Favoring speed in design team assembly greatly stresses the individual designers and their skills. A three-person user interface creation team needs an interaction designer, a graphic designer, and a marketing representative. The interaction designer is usually responsible for conceiving the dialogue and for the necessary technical knowledge and simulation; the graphic designer turns the dialogue into screen designs, and the marketer identifies the customers, including their needs and their market segments. In this team there are no redundancies, but it is short of two important competencies: software implementation and localization. Experts in these disciplines must therefore be consulted on an ad hoc basis during the design process, or at least at agreed milestones. If the objective is to design a total product concept with a novel physical form and appearance, an industrial designer should join the team.
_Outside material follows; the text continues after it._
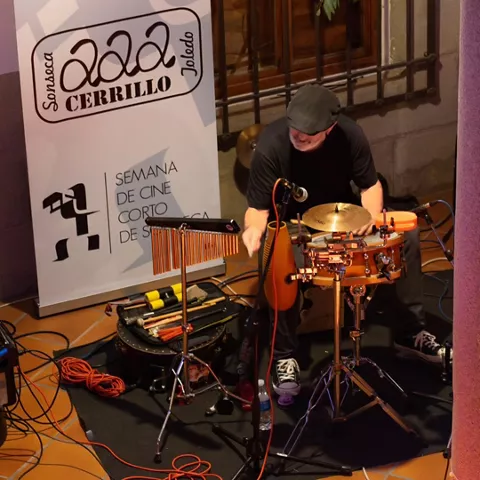 Percusionista actuando junto a cartel de festival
Team spirit has a major impact on the outcome. When team dynamics are harmonious and the team members know each other, then a bonding of mutual respect appears, assumptions coalesce, and ideas get reviewed and evolve at the speed of thought. To maintain the right creative and productive spirit, all members have to be contributing, and every team member needs to count on others' contribution. No free rides-only active contributors may hang around. Team spirit is enhanced by the perceived importance of the work the team does. Designers like their work to be seen. At intervals, appropriate responses to the team's achievements are important to the design team's confidence and momentum. This can be ensured by regular reviews and presentations to management.
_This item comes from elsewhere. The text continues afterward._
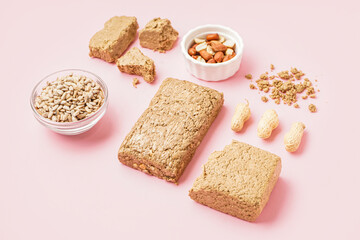Composition with tasty halva, peanuts and sunflower seeds on pink background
Nokia's user interface style creation projects, particularly the ones for the high-end concepts like the Series 60 smart phone style and the Series 80 communicator UI, have been extensive efforts right from initial concept creation through prototyping, localization, and evaluation with world tours, all the way through to software implementation. Working for 4 to 5 years on the same project is a long time to maintain vision, interest, and focus, but that is the time it takes to do a completely new high-end UI style. During long-running projects it is often the case that the design team changes design midway-even several times, and this is likely to affect the consistency of the design. Perhaps the reason for allowing the change has something to do with designers' personal characteristics. The nature of development changes as projects proceed, and some people are better at kicking new things off than completing them. For these people the boredom after the major decisions have been made might be a reason to lose their motivation. Luckily there are others who enjoy striving for details. According to our experience, the takeover may not occur without hiccups. The most important thing is to ensure that the whole concept team does not withdraw at the same time, but that some members continue as consultants to the implementation part of the project. What also helps in these transitions is good documentation. In the case of Series 60 we had a very advanced PC-based simulation. At the time of launching the first Series 60 phone, anyone looking at the simulation and the actual software could tell that they were strikingly similar. Another source of help is a comprehensive UI style guide.
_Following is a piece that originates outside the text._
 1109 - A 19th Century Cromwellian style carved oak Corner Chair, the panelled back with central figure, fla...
Nokia has recruited with very open minds. In the Nokia human factors community we have sociologists, engineers, audio experts, linguists, anthropologists, graphic designers, mathematicians, and economists. What they share is that all are working within the bounds of their own fields on the same project, and all are interested in exploring new ground. However, this breadth of competencies may create communication problems. To overcome these, Nokia has established procedures and working practices, and created mobile UI jargon that is used internally. These processes are the backbone of our work and therefore have to be constantly tuned and improved.

The concept creation competition is one such process. Vision-driven concept creation leaves much of the project outcome to the skills and creativity of the design teams. Whenever possible, it is advisable to create several competing concepts. Following a number of promising paths for a while will increase the likelihood of finding the right design. Instead of asking one team to propose several solutions, it is better to run a number of teams in parallel-typically two to six-cracking the same task. The friendly contest creates some tension to sharpen the mind, and produces better innovations.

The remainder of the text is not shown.